We’re working with a relatively involved setup, so I’ll try to simplify and keep it brief - details of our config are at the bottom of the post
I’ve built up a Workflow, where the first worker dynamically fans out to N children and adds a single “finisher” worker to handle any final tasks - let’s call them A, B_0…B_n, and Z
All workers are using Oban.Pro.Workers.Workflow
, the A worker gets enqueued on its own and inside the process/1
callback appends the rest of the workers to its workflow based on the data it fetches - something like this (simplified code):
@impl true
def process(%Job{args: args} = job) do
b_jobs = generate_b_job_changesets()
workflow = append_workflow(job)
workflow =
Enum.reduce(b_jobs, workflow, fn {name, changeset}, workflow ->
add(workflow, name, changeset, deps: [@recording_extractor_job_name])
end)
b_job_names = Map.keys(chunk_jobs)
workflow =
add(workflow, :z, z_job_changeset(),
deps: b_job_names
)
{:ok, Oban.insert_all(workflow)}
end
The whole setup works as expected in E2E tests, but when run in a pre-production environment, the A worker completes successfully, but the B_x and Z workers fail with the error message of upstream deps deleted
I was hoping it was my mistake - messing up the workflow concatenation or dependency names, but when I fetch the job rows from the DB it all looks correct (some values redacted):
A job row:
id | 350316
state | completed
queue | fact_extraction_initialization
worker | Foo.Bar.A
attempt | 1
max_attempts | 5
priority | 0
args | {"redacted": "redacted"}
meta | {...}
attempted_by | {redacted}
errors | {}
tags | {redacted}
inserted_at | 2024-08-01 18:36:20.930824
scheduled_at | 2024-08-01 18:36:35.930513
attempted_at | 2024-08-01 18:36:36.592045
cancelled_at |
completed_at | 2024-08-01 18:36:36.631846
discarded_at |
One of B job rows:
id | 350317
state | cancelled
queue | fact_extraction
worker | Foo.Bar.B
attempt | 0
max_attempts | 5
priority | 0
args | {"redacted": "redacted"}
meta | {...}
attempted_by |
errors | {"{\"at\": \"2024-08-01T18:36:36.632222+00:00\", \"error\": \"upstream deps deleted\", \"attempt\": 0}"}
tags | {redacted}
inserted_at | 2024-08-01 18:36:36.627618
scheduled_at | 3000-01-01 00:00:00
attempted_at |
cancelled_at | 2024-08-01 18:36:36.632222
completed_at |
discarded_at |
If I’m reading this right the workflow IDs and dependency names align, so it should be working.

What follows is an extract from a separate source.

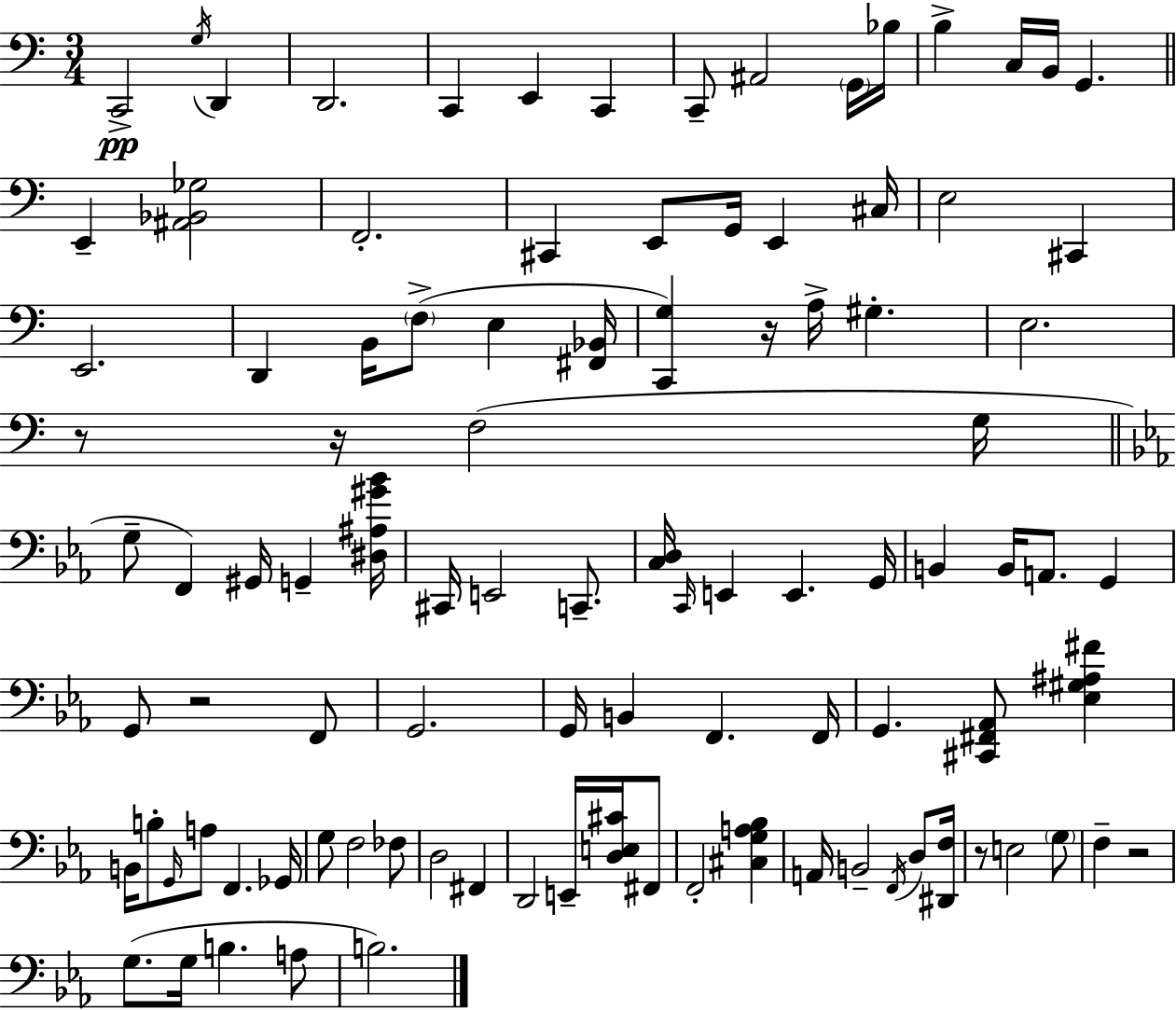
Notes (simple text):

C2/h G3/s D2/q D2/h. C2/q E2/q C2/q C2/e A#2/h G2/s Bb3/s B3/q C3/s B2/s G2/q. E2/q [A#2,Bb2,Gb3]/h F2/h. C#2/q E2/e G2/s E2/q C#3/s E3/h C#2/q E2/h. D2/q B2/s F3/e E3/q [F#2,Bb2]/s [C2,G3]/q R/s A3/s G#3/q. E3/h. R/e R/s F3/h G3/s G3/e F2/q G#2/s G2/q [D#3,A#3,G#4,Bb4]/s C#2/s E2/h C2/e. [C3,D3]/s C2/s E2/q E2/q. G2/s B2/q B2/s A2/e. G2/q G2/e R/h F2/e G2/h. G2/s B2/q F2/q. F2/s G2/q. [C#2,F#2,Ab2]/e [Eb3,G#3,A#3,F#4]/q B2/s B3/e G2/s A3/e F2/q. Gb2/s G3/e F3/h FES3/e D3/h F#2/q D2/h E2/s [D3,E3,C#4]/s F#2/e F2/h [C#3,G3,A3,Bb3]/q A2/s B2/h F2/s D3/e [D#2,F3]/s R/e E3/h G3/e F3/q R/h G3/e. G3/s B3/q. A3/e B3/h.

Any thoughts what’s happening here? I put a good amount of time implementing the feature with a workflow and I have very limited time to wrap it up right now.
Setup details:
$ mix hex.outdated | grep oban
oban 2.17.12 2.18.0 Update not possible
oban_pro 1.4.10 1.4.10 Up-to-date
oban_web 2.10.4 2.10.5 Update possible
(Most of) oban config:
config :redacted, Oban,
engine: Oban.Pro.Engines.Smart,
repo: Redacted.Repo,
notifier: Oban.Notifiers.PG,
peer: Oban.Peers.Global,
plugins: [
{Oban.Pro.Plugins.DynamicPartitioner,
schedule: if(Mix.env() == :prod, do: "* 1-7 * * *", else: "* * * * *"),
timeout: 60_000,
retention: [completed: 2, discarded: 30]},
{Oban.Plugins.Cron,
crontab: [redacted]},
Oban.Pro.Plugins.DynamicLifeline,
{Oban.Plugins.Reindexer, schedule: "40 4 * * *"}
],
My (uneducated) guess is that because we’re using Oban.Pro.Plugins.DynamicPartitioner
, the B_x jobs were getting started when the A job was getting moved from the available/scheduled partition and into the completed
partition, which is why it didn’t show up in the query and got interpreted as deleted
.
I know if that’s the case I could theoretically use ignore_deleted: true
, but that feels like just asking for trouble - failing jobs could also be misinterpreted as deleted
when they’re moved to a discarded
partition and the workflow would continue even though it shouldn’t - I was counting on stronger guarantees.
Plus IIRC we did introduce the DynamicPartitioner
because the impact of oban job churn started to get really noticeable, I don’t think we can really get away from it…
Also, it might or might not be relevant, but the A worker is in a different queue than the B_x and Z workers - I assumed that wasn’t an issue because I couldn’t find anything indicating that in either the docs or the code itself.